Editorial: Caught in the act
In the last week, people all around the world watched a home video of US police mercilessly beating and kicking a black man. The cops had stopped him for speeding, then, thinking they were unobserved, had passed sentence and meted out punishment: 51 hits with police batons, numerous kicks and a shot at close range with a stun gun. As the shock reverberated through people before television sets in millions of sitting rooms, even a president fresh from authorising the slaughter of thousands of defenceless Iraqis was forced to go on record expressing his disgust at the violence.
This episode seems to reinforce the findings of a recent study that found the US to be the most violent country in the world. But we shouldn't feel any complacency in Australia, where working-class youth and blacks are no strangers to police violence.
A NSW Supreme Court judge has finally ruled on a case that arose in an early morning raid by 135 members of the police tactical response group on the black community in Redfern, Sydney, last year. The street was cordoned off, and armed police, with dogs, smashed down the doors of several houses and dragged the occupants out of bed. Their excuse for this military-style raid was the execution of seven search warrants, all for relatively petty suspected crimes.
Judge Finlay found that four of the seven warrants were invalid and that one warrant was for a man who had already been in police custody for several days!
Shocking as this incident was, the numerous reports from the Royal Commission into Aboriginal Deaths in Custody now being released tell an even more horrible tale. Murder, torture, criminal neglect and numerous cover-ups are being exposed. All this makes nonsense of the frequent attempts in the mainstream media to dismiss Aboriginal rights issues as simply an expression of white guilt for crimes from a distant past.
Yet even when the truth about police violence is exposed for all to see, will it become a thing of the past?
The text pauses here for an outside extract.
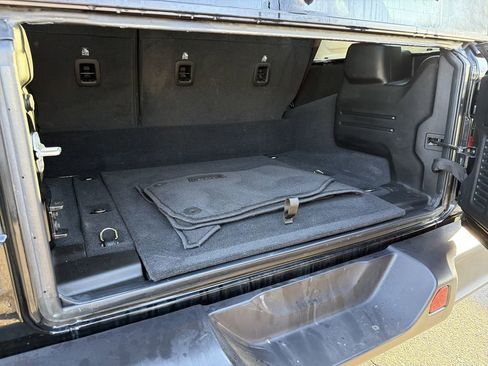 Used 2024 Jeep Wrangler Unlimited Rubicon 4xe image 30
Or is such violence endemic to supposedly democratic societies such as Australia and the US?
The problem is not one of bad cops. Police violence has to be blamed on the society that sets the rules for the use of legitimised violence. As police spokespersons often say in defence, they were only trying to do their job. But what is the nature of this job? Is it to enforce justice or to protect the interests of some sectors of society more than others?
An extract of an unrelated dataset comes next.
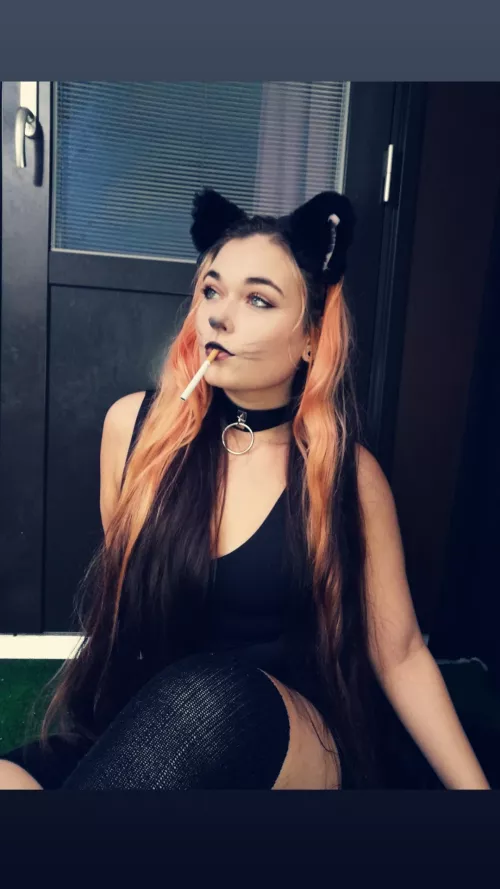 Smoking catwoman❤️🐈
They certainly don't mount dawn raids on suburbs like Toorak, Vaucluse, Woollahra, Peppermint Grove — although they'd probably find billions of dollars of ill-gotten gains stashed away there. The corporate criminals don't get a regular beating to keep them in line.
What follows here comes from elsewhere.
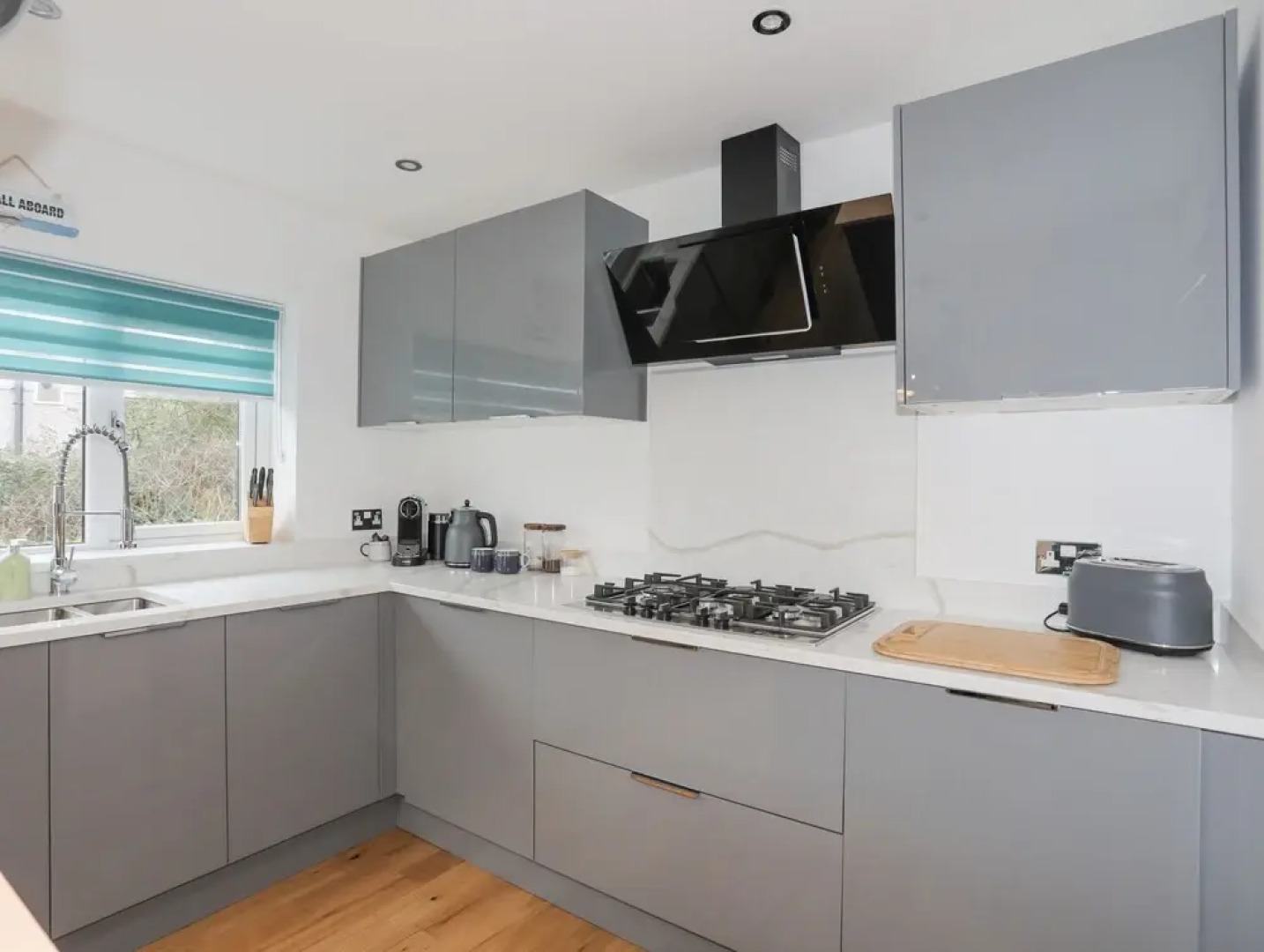 Clydfan, No 1 Trearddur Road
A major role of the police in societies like ours is to intimidate the rate sections of the population, while the biggest criminals are allowed to get on with their business. It is called "maintaining law and order" (a phrase that politicians serve on tap), but it is the law of the rich and the order of the exploiters. The unspoken rule is that the police can do whatever they think they can get away with when dealing with the poor and blacks. Once in a while, however, they get caught in the act.